Agreed. Definitely nothing like conditioner first. It always depends on the job/speed, etc. 

We're all about getting good quality results with blazing speed. It's just how we do things. Could it be super high end? Of course. You can always make something look "nicer". Sanding, treating, re-sanding, dying, staining, sealing, toning, glazing, re-toning, etc. But you sacrifice time and time is money. 
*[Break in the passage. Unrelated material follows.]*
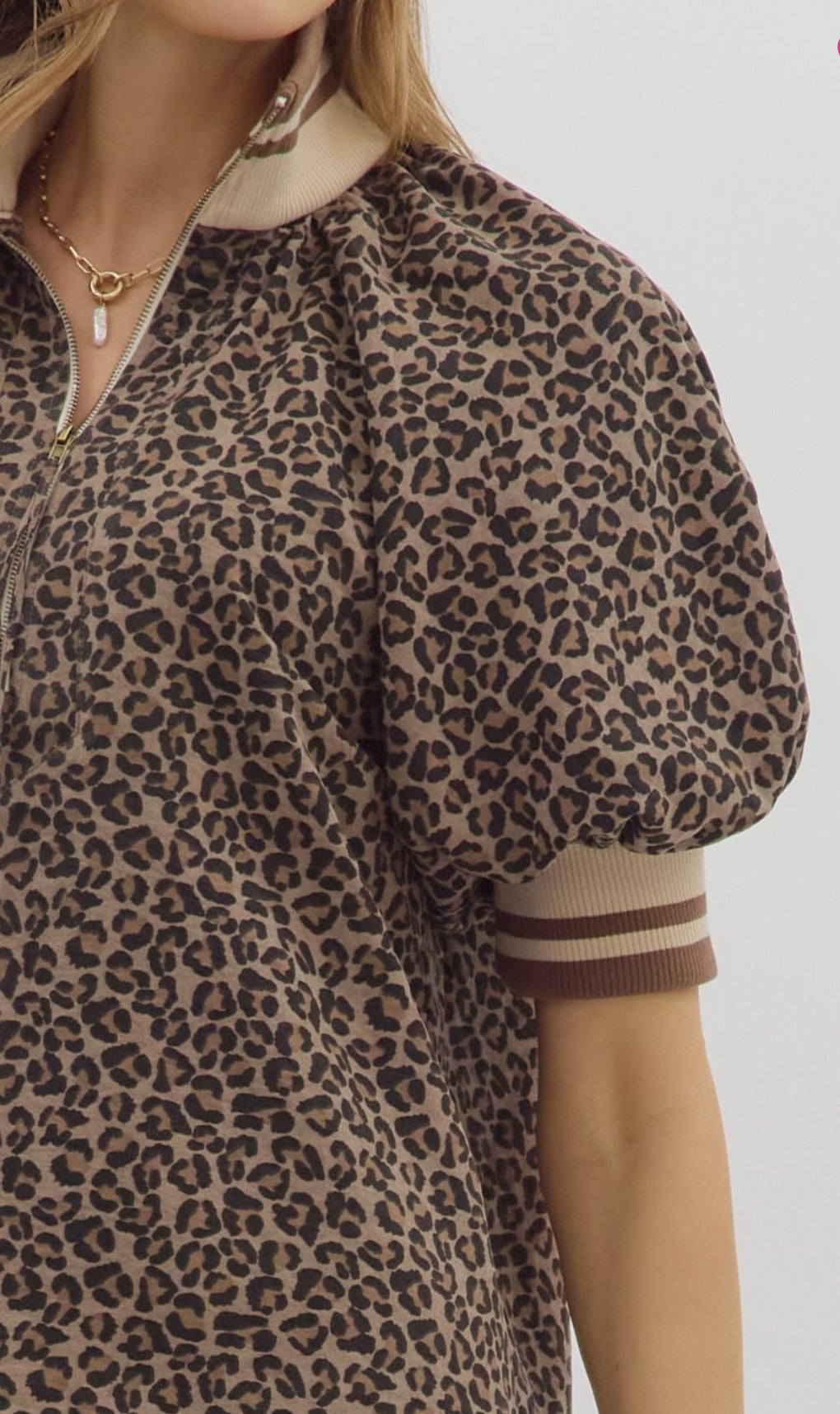Women’s Leopard Print Puff Sleeve Half-Zip Top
I hope the OP posts before/after pics, always fun to see those!


----------



## jr.sr. painting (Dec 6, 2013)

Depending on the sheen they want over the past summer we used one of the pre mix colors of sikkens door and window on all fir doors. No need to worry about blotchiness and the finish dried like glass. The smell on the other hand was pretty ridiculous 


Sent from my iPhone using Tapatalk


----------



## dirtyjeep01 (Dec 19, 2015)

So I went to my supplier with a sample match. Tried different methods for time sake. Found a one pass match she made that works on sanded fir no conditioner. Thoughts. I do lots of staining but not lots of stained windows and trim. Thoughts on sequence . My thoughts were to finish coat walls. Sand and pre stain and one coat lacquer post cat on trim work. Stack for finisher. Spray stain windows and seal coat. Finish coat ceilings. When finisher is complete his install mask walls around doors and windows..sand and stain match putty fill holes two costs finish. Thoughts ?


----------